Unforgiven premiered at the Mann Bruin Theater on August 3, 1992, before being released by Warner Bros. on August 7, 1992. It grossed over $159 million on a budget of $14.4 million and received widespread critical acclaim, with praise for the acting (particularly from Eastwood and Hackman), directing, editing, themes, and cinematography. The film won four Academy Awards: Best Picture, Best Director for Eastwood, Best Supporting Actor for Hackman, and Best Film Editing for Joel Cox. Eastwood was nominated for the Academy Award for Best Actor for his performance, but lost to Al Pacino for Scent of a Woman. The film was the third Western to win Best Picture, following Cimarron (1931) and Dances With Wolves (1990). Eastwood dedicated the film to directors and mentors Sergio Leone and Don Siegel.

In 2004, Unforgiven was selected for preservation in the United States National Film Registry by the Library of Congress as being deemed "culturally, historically, or aesthetically significant".

==Plot==

In 1880, in the fictional town of Big Whiskey, Wyoming, a cowboy named Quick Mike slashes prostitute Delilah Fitzgerald's face with a knife over an insult, permanently disfiguring her. As punishment, Sheriff "Little Bill" Daggett orders Mike and his associate who was with him at the brothel, Davey Bunting, to turn over several of their ponies to Delilah's employer, Skinny DuBois, for his loss of revenue. Outraged, the prostitutes offer a $1,000 bounty for the cowboys' deaths.

In Hodgeman County, Kansas, a boastful young man visits Will Munny's hog farm. He calls himself the "Schofield Kid" and claims to be an experienced bounty hunter looking for help pursuing the cowboys. Formerly a notorious outlaw and murderer, Will is now a repentant widower raising two children. After initially refusing to help, Will realizes that his farm is failing and his children's future is in jeopardy. He recruits his friend Ned Logan, another retired outlaw, and they catch up with the Kid, who they discover is severely near-sighted.

Back in Big Whiskey, British-born gunfighter "English" Bob, an old acquaintance and rival of Little Bill's, arrives in town with his biographer W.W. Beauchamp, seeking the bounty. Enforcing the town's antigun law, Little Bill, with his deputies, disarms Bob and beats him savagely to discourage others from attempting to claim the bounty. Bob, humiliated, is banished from town the next morning, but Beauchamp stays out of a fascination with the sheriff, who debunks many of the romantic notions Beauchamp has about the Wild West. Little Bill explains to Beauchamp that the best attribute for a gunslinger is to be cool-headed under fire rather than to have the quickest draw, and to always kill the best shooter first.

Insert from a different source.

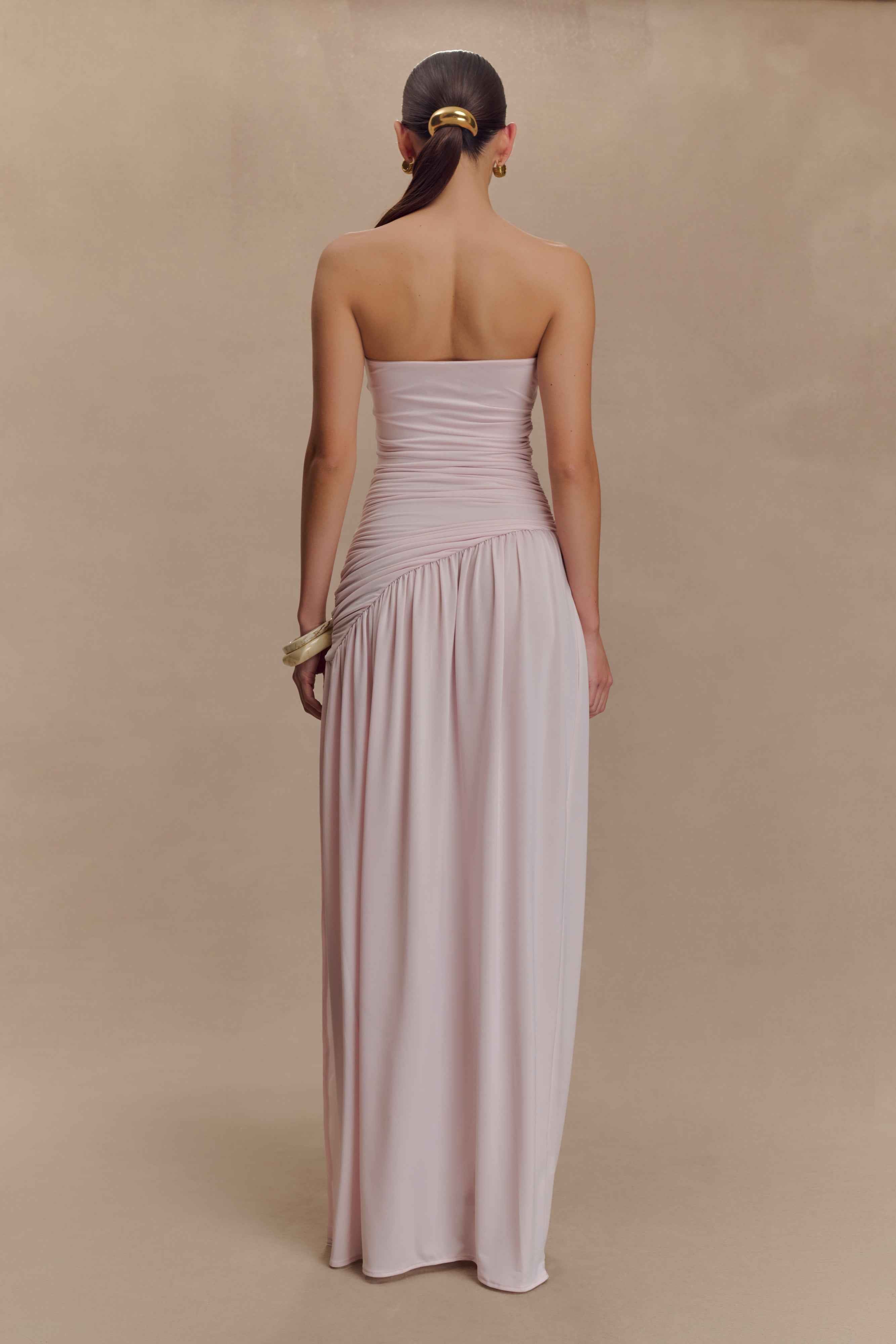 Cornelia Pale Pink Strapless Maxi Dress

Will, Ned, and the Kid arrive in town during a rainstorm and enter Skinny's saloon. While Ned and the Kid meet with the prostitutes upstairs, Little Bill confronts a feverish Will. Not realizing Will's identity, but correctly guessing that he wants the bounty, Bill confiscates his weapon and beats him. Ned and the Kid escape through a back window and take Will to an unoccupied barn outside of town, where they and the prostitutes nurse him back to health. A few days later, the trio ambush Davey. After missing Davey and shooting his horse, Ned falters and Will shoots Davey instead. Ned decides to quit and return to Kansas.

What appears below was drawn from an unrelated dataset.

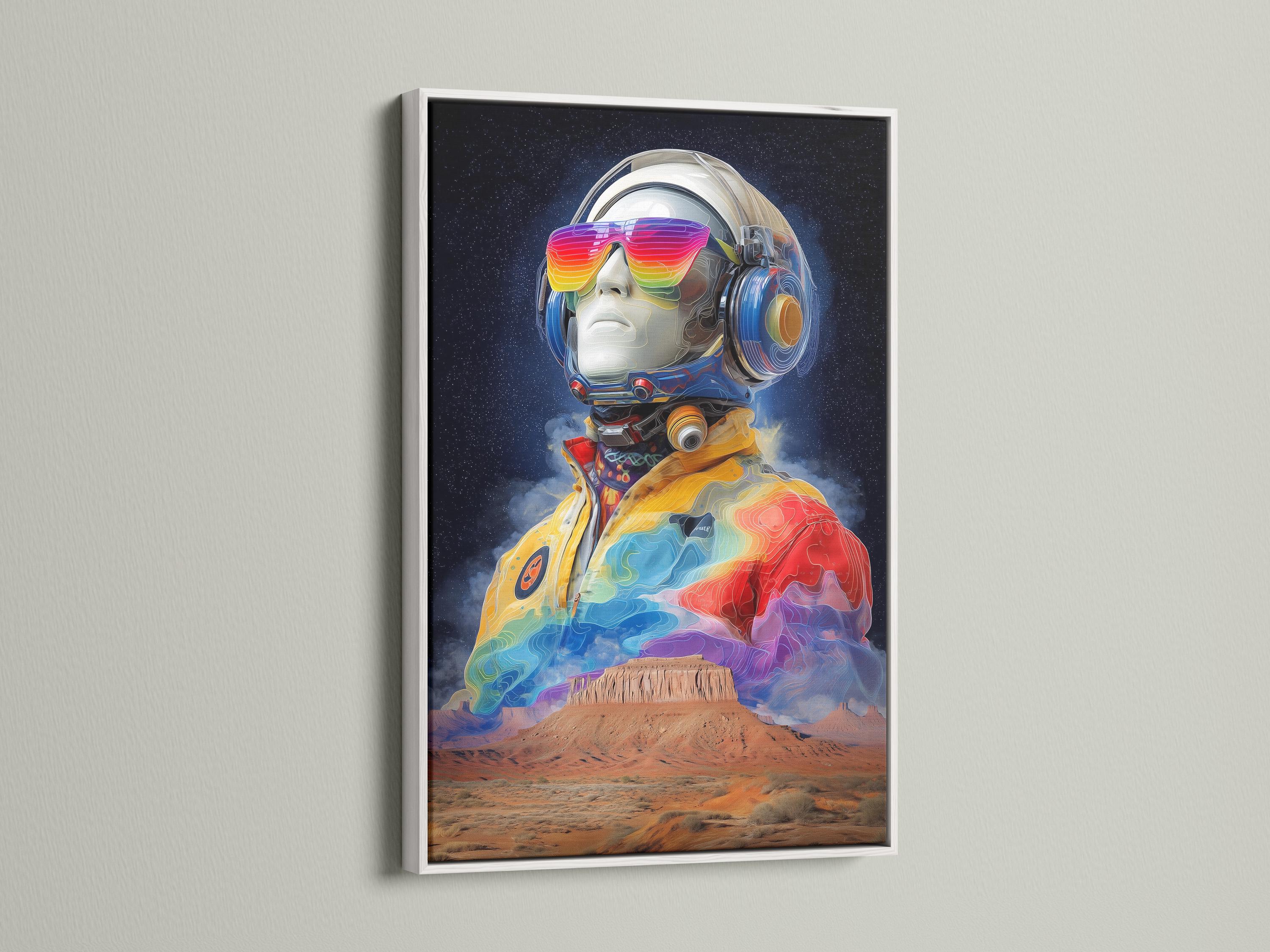 Futuristic astronaut standing in a desert under a dark starry sky with rainbow colours on the helmet and suit detail view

Ned is later captured and flogged to death by Little Bill to learn the whereabouts of Will and the Kid. Will takes the Kid with him to the cowboys' ranch, directing him to ambush Quick Mike in the outhouse and shoot him. After they escape, a distraught Kid drunkenly confesses he had never killed anyone before. Little Sue arrives with the reward and tells them about Ned's fate. Shocked by the news, Will begins drinking and demands the Kid's revolver. The Kid hands it over, saying that he no longer wants to be a killer, and Will sends him back to Kansas to distribute the reward.

That night Will finds Ned's corpse displayed in a coffin outside Skinny's saloon. Inside, Little Bill and his deputies are organizing a posse. Will walks in brandishing a shotgun and kills Skinny for displaying Ned's corpse. He then aims at Little Bill, but the shotgun misfires. In the ensuing gunfight, Will shoots Little Bill and several other members of the posse with the revolver. He then orders the rest of the men out. Beauchamp lingers briefly to ask how Will survived. Will replies that it was luck and scares him away. Little Bill tries and fails to take another shot at Will while lying on the floor, then bemoans his fate and curses Will, who shoots him dead. Will shouts threats as he mounts his horse and rides out of town.

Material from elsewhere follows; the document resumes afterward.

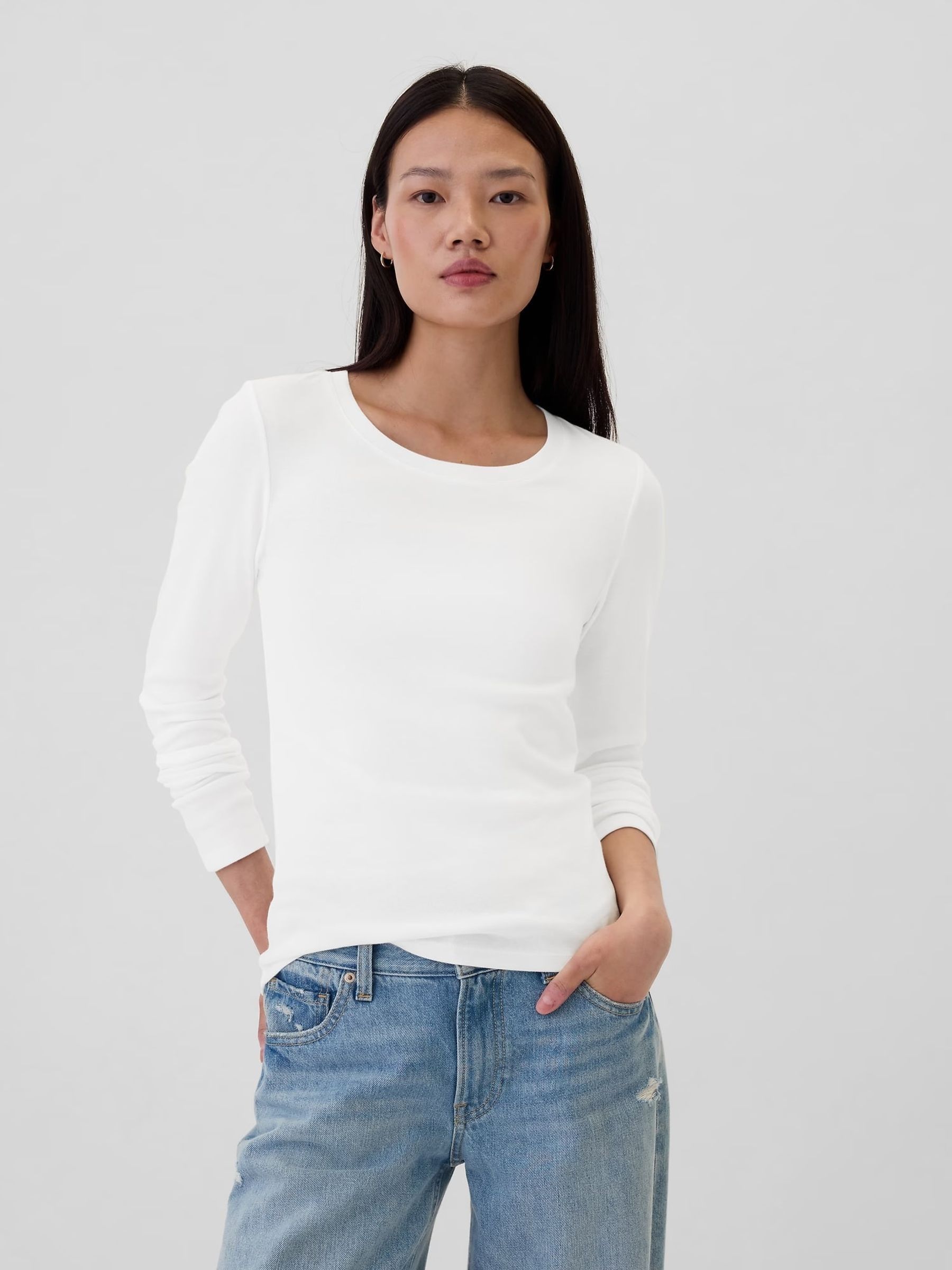 White Favourite Cotton-Modal Crew Neck Long Sleeve T-Shirt - Image 1 of 1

A closing title card states that Will's mother-in-law found his farm abandoned years later, Will having possibly moved to San Francisco with the children. She remained at a loss to understand why her daughter married such a notorious outlaw and murderer.

==Production==

=== Development ===
The film was written by David Webb Peoples, who had written the Oscar-nominated film The Day After Trinity and co-written Blade Runner with Hampton Fancher. The concept for the film dated to 1976, when it was developed under the titles The Cut-Whore Killings and The William Munny Killings. The script was originally optioned by Francis Ford Coppola, who failed to raise the money to develop the project any further.

By Eastwood's own recollection, he was given the script in the "early 80s", although he did not immediately pursue it, because according to him, "I thought I should do some other things first". In 1984, Sonia Chernus, Eastwood's long-time story editor at Malpaso Productions, sent him a scathing memo after reading the script stating that "it doesn't deserve my time or yours" and is "an insult to this company" and that Eastwood should "get rid of it FAST".

=== Casting ===
Eastwood personally phoned Harris to offer him the role of English Bob, and later said Harris was watching Eastwood's 1973 movie High Plains Drifter at the time of the phone call, leading to Harris thinking it was a prank.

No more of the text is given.